Reaction textures in titanite-bearing mafic granulite: Constraints on the metamorphic evolution of Angul-Tikarpara domain of the Eastern Ghats Province, India

The Angul-Tikarpara domain of the northern Eastern Ghats Province (EGP) of Eastern India is characterized by high-grade rocks like felsic gneiss, khondalite (garnet-sillimanite-K-feldspar-quartz bearing granulite), charnockite, mafic granulite and aluminous granulite (spinel-magnetite-hematite-garnet-cordierite-sillimanite-K-feldspar-quartz-biotite-plagioclase). Two distinct mineralogical varieties of mafic granulite are present as enclaves within felsic gneiss and coarse-grained charnockite.
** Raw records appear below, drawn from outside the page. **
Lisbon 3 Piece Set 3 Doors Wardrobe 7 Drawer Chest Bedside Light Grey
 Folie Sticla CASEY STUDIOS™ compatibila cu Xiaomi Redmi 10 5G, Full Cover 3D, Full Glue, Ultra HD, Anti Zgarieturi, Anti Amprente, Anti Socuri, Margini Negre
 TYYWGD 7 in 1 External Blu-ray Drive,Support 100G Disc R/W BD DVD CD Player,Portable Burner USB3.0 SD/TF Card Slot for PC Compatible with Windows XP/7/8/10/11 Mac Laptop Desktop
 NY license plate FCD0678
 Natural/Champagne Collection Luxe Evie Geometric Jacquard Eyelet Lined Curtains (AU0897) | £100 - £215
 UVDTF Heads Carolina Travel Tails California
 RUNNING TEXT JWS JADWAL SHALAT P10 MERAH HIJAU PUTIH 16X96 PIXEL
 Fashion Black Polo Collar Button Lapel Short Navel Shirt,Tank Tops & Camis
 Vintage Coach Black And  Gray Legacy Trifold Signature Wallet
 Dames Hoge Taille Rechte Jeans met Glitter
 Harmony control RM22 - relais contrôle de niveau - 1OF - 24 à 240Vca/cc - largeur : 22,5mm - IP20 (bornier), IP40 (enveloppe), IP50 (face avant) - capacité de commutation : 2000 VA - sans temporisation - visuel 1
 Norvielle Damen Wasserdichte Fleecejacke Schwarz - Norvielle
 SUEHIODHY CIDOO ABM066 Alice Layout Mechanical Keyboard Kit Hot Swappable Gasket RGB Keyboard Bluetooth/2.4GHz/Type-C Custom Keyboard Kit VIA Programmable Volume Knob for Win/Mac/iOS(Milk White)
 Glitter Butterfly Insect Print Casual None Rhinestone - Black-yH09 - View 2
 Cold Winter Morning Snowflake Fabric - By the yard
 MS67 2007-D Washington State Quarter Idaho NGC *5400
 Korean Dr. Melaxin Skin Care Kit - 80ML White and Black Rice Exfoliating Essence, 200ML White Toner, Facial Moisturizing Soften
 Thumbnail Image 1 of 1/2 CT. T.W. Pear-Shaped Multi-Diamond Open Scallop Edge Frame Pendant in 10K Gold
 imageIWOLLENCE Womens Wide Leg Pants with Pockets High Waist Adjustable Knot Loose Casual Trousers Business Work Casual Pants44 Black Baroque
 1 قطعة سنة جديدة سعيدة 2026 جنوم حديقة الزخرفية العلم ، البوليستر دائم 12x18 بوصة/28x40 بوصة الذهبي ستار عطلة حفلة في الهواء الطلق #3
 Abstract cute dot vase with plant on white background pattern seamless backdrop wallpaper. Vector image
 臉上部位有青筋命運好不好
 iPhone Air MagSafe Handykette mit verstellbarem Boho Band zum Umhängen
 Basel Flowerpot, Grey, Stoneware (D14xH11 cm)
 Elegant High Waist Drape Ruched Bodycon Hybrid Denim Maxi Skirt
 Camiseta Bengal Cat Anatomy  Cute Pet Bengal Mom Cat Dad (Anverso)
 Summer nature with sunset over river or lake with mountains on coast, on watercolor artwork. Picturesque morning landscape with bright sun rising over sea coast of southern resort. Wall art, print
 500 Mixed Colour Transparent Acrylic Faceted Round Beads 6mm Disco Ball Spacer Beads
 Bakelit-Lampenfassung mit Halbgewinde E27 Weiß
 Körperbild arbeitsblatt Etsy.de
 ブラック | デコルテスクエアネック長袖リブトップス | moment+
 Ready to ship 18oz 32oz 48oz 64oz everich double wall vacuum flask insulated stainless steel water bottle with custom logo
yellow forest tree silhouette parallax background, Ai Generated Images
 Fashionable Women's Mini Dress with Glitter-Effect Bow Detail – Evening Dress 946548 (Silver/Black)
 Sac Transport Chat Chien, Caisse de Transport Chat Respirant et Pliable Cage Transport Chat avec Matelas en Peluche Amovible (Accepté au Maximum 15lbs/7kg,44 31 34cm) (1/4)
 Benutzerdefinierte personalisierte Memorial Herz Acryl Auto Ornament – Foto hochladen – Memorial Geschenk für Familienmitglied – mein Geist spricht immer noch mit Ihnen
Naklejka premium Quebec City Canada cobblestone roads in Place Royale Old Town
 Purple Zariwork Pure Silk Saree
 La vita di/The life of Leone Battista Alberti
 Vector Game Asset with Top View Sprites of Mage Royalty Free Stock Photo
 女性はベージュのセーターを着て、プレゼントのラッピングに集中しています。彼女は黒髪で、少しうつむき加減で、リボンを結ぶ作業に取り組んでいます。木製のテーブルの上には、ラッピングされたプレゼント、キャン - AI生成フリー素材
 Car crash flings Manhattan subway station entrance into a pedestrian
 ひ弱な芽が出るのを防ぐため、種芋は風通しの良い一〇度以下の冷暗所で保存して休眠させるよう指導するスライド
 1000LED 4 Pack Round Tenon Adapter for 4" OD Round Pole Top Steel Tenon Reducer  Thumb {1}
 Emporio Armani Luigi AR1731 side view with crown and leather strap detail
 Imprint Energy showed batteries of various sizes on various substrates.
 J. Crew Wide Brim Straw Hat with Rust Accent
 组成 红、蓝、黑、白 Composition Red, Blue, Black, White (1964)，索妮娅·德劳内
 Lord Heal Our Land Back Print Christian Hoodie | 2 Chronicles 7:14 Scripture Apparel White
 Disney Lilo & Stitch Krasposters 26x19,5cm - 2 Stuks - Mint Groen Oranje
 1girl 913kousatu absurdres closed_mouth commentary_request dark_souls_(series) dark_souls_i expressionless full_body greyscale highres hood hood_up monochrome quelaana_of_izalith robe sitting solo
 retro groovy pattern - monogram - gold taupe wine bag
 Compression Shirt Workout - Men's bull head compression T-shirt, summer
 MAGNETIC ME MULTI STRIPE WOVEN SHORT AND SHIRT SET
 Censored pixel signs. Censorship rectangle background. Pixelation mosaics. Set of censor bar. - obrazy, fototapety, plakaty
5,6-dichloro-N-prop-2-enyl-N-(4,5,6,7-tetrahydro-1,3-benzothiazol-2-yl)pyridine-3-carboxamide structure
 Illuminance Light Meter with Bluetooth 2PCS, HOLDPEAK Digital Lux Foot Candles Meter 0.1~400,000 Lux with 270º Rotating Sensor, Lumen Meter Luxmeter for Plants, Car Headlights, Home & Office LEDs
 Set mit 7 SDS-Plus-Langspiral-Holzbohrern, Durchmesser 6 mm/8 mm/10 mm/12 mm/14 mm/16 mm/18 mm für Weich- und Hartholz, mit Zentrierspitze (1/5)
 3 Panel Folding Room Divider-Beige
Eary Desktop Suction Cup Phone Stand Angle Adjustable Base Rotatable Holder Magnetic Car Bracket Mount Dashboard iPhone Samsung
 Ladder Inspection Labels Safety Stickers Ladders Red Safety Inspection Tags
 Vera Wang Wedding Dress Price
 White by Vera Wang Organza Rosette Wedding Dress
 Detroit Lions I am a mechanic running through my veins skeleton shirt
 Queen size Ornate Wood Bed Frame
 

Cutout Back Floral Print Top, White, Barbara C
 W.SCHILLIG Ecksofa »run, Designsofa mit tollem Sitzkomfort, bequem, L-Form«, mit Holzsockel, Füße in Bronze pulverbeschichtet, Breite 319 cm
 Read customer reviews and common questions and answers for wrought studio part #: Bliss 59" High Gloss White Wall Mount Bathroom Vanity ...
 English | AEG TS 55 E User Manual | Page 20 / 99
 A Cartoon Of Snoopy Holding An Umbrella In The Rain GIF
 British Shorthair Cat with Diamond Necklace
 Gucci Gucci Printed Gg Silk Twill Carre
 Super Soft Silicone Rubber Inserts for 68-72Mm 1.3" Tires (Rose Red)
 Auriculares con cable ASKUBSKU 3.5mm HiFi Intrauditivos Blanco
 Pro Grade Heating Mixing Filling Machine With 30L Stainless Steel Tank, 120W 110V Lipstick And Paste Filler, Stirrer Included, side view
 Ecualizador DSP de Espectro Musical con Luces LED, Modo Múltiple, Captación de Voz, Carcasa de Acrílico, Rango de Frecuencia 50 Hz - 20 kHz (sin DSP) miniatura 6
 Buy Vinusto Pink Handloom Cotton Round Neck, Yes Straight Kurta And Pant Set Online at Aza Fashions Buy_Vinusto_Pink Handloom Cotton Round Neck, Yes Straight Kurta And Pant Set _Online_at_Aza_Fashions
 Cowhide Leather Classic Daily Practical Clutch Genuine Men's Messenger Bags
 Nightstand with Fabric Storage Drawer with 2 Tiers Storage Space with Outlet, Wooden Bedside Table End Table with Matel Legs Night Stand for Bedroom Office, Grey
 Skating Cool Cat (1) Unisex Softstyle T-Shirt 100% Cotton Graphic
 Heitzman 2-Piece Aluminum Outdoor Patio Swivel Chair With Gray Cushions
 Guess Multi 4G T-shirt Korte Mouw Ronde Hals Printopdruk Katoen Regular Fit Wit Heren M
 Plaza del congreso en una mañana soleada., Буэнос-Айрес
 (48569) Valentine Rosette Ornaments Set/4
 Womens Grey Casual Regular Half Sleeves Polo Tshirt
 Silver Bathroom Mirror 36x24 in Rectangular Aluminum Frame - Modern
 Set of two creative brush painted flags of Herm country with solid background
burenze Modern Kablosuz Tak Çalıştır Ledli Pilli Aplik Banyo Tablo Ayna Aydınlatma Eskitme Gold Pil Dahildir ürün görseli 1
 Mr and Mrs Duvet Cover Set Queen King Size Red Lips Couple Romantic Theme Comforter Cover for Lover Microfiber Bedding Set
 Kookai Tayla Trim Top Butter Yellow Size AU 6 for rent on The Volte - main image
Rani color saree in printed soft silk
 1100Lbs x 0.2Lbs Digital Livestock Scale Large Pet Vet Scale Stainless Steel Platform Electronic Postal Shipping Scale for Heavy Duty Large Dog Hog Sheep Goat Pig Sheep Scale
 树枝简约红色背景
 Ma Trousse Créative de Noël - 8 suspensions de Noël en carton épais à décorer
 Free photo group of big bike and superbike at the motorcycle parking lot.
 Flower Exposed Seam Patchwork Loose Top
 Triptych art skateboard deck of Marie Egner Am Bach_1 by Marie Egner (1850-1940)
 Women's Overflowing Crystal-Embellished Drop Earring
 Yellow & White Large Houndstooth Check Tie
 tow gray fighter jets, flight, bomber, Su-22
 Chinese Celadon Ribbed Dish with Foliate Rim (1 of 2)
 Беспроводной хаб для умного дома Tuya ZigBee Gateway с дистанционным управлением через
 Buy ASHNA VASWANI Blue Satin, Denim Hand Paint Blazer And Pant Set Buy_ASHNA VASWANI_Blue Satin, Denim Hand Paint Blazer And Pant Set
Type-A mafic granulite is composed of orthopyroxene, clinopyroxene, hornblende, plagioclase, magnetite, ilmenite, biotite, and/or garnet with a subordinate amount of quartz. Type-B mafic granulite, on the other hand, contains titanite along with clinopyroxene, plagioclase, hornblende, garnet, calcite, ilmenite, magnetite, and biotite. The present study is focused on the latter variety where the peak (M_A1) assemblage is represented by clinopyroxene, plagioclase, titanite, ilmenite, magnetite, calcite, and hornblende. Porphyroblastic clinopyroxene in the aforesaid assemblage is characterized by well-developed Al-zoning, with Al₂O₃-content being maximum at the core (5.3–3.8 wt.%) and minimum at the rim (3.6–0.22 wt.%). It appears that the high-aluminous core had stabilized at the peak stage, while the low-aluminous rim formed during the retrogressive stage characterized by decompression (M_A1R). From the zoning pattern, the peak M_A1 and M_A1R conditions were estimated to be 8.6‒6.8 kbar, ~850˚C, and 4.2‒3 kbar, 660 ˚C, respectively. During the decompression, subidioblastic titanite broke down to low-Al clinopyroxene (2.5-0.5 wt.% Al₂O₃) + ilmenite intergrowth surrounding the former phase. The decompression was associated with cooling during which coronal garnet grew surrounding porphyroblastic clinopyroxene, plagioclase, and calcite. Zn-bearing spinel was exsolved from magnetite during this stage. Phase diagram modeling of Type-B mafic granulite shows that M_A1 metamorphism occurred along a clockwise P-T trajectory. Further development of grossular-rich coronal garnet around hornblende suggests that the rock underwent a second prograde metamorphic event (M_A2). In the chondrite-normalized rare earth element (REE) diagram, Type-B mafic granulite shows a more fractionated pattern than Type-A mafic granulite.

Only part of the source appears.